**Action item**
Your answer must be the listing repeated word for word, without its pictures.

[Dataset extract — start]

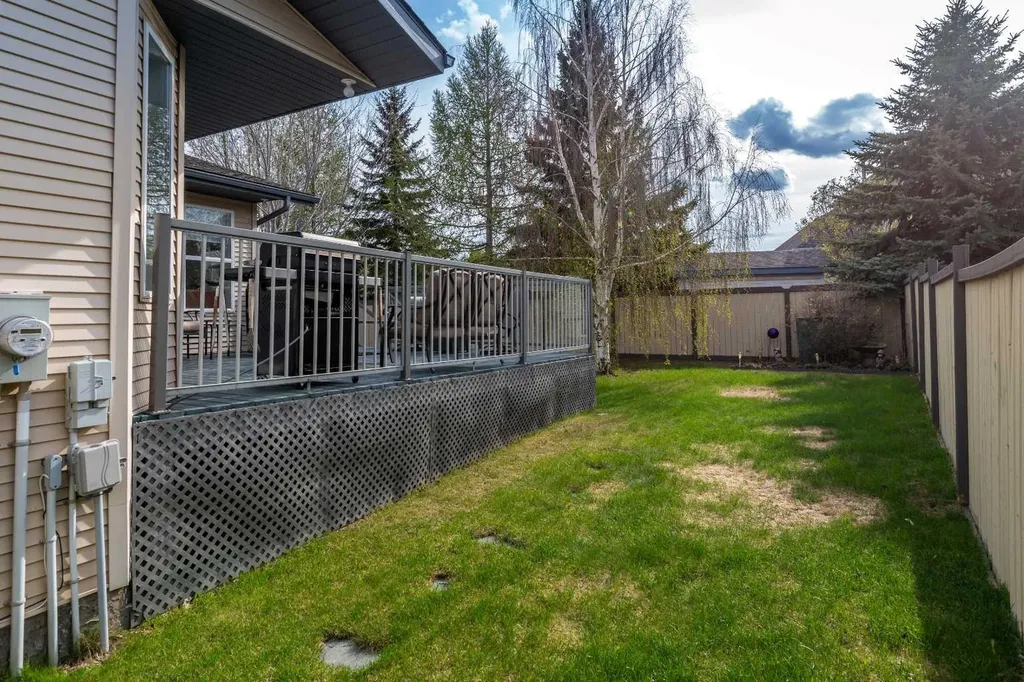 3906 63a Avenue Lloydminster AB T9V 2X8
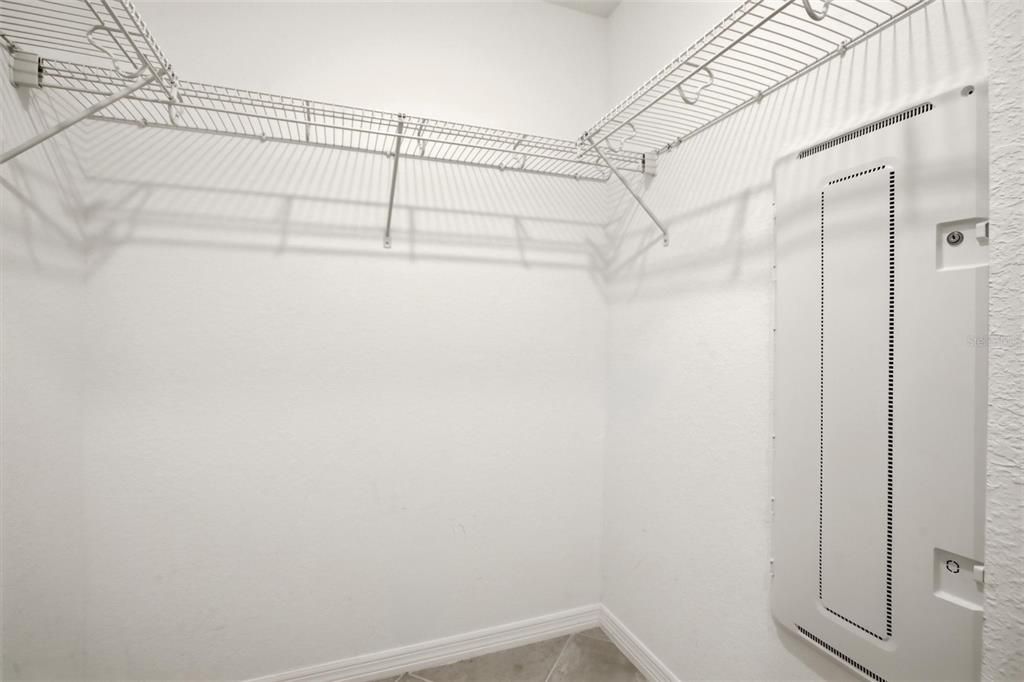 For Sale: $249,900 (2 beds, 2 baths, 1154 Square Feet)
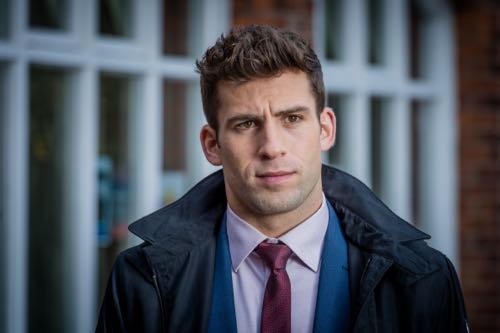 Dino Fetscher as Alex Wayfield).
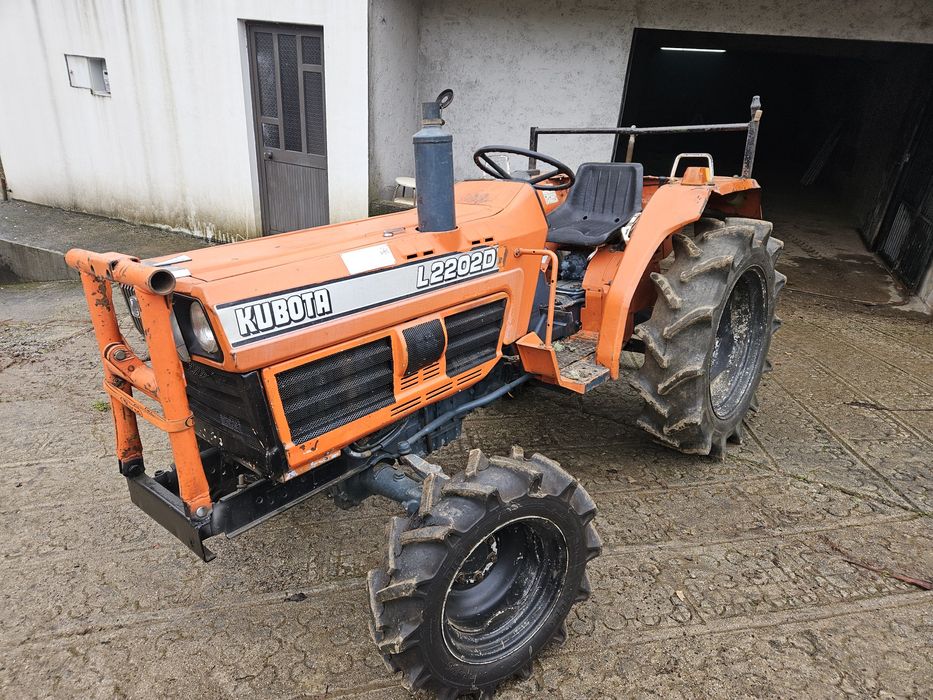 Trator Kubota L2202DT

[Dataset extract — finish]

**Response box**
 3906 63a Avenue Lloydminster AB T9V 2X8
 For Sale: $249,900 (2 beds, 2 baths, 1154 Square Feet)
 Dino Fetscher as Alex Wayfield).
 Trator Kubota L2202DT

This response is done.